I never realized I could get such warm fuzzies from quality journalism.
In case you haven’t heard, Trump’s press secretary Sean Spicer — in his first press conference as speaker for the President — told a few petty and easily debunked lies about crowd size, among other things. Showing a bizarre obsession with the minutiae of this subject, he also took time to attack the media for “deliberately false reporting” (i.e., debunking his boss’s wild assertions). He launched a particular attack on a single detail of a single report by a single reporter, which was found to be false (and which the reporter had corrected already, within minutes of publication, along with an apology).
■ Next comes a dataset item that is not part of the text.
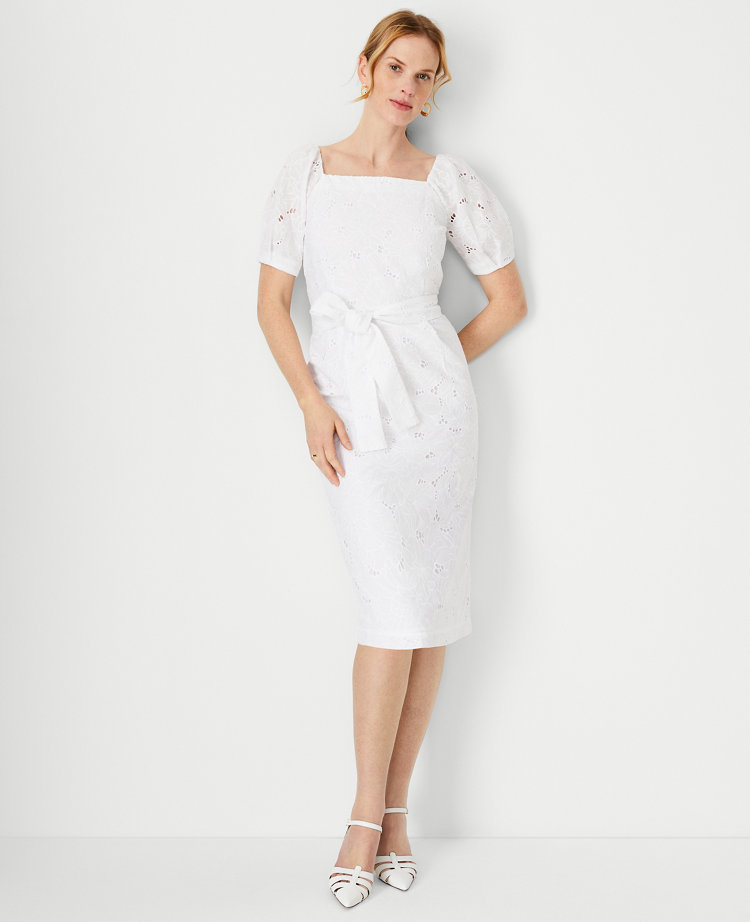 Elegant Criss Cross White Lace Eyelet Dress Puff Sleeve – SOUISEE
Of course, he took no questions.
It now fell to Kellyanne Conway to defend the indefensible — a job at which she has a great deal of experience. The video above is Chuck Todd from Meet the Press grilling her on these absurd, childish, unnecessary, easily debunkable, Orwellian lies. Why did the President feel the need to do this?
Over and over, he told her: “You did not answer the question.” “You did not answer the question.” “You did not answer the question.”
When, at one point, she referred to Spicer’s lies as “alternative facts,” he helpfully clarified:
Wait a minute. Alternative facts? Alternative facts? Four of the five facts he uttered . . . were just not true. Alternative facts are not facts; they’re falsehoods.
I honestly have a hard time understanding this phenomenon.
It doesn’t matter how much you like Trump, or dislike the media, or anyone else. This is just basic, verifiable information. You don’t have to hate Trump for it, or say he’s a bad person. We’re just talking, at a very elementary level, about whether information is accurate or not.
You either care about the truth, or you don’t.
Many people don’t. But it’s incredibly gratifying that so many people, of so many political persuasions, still do.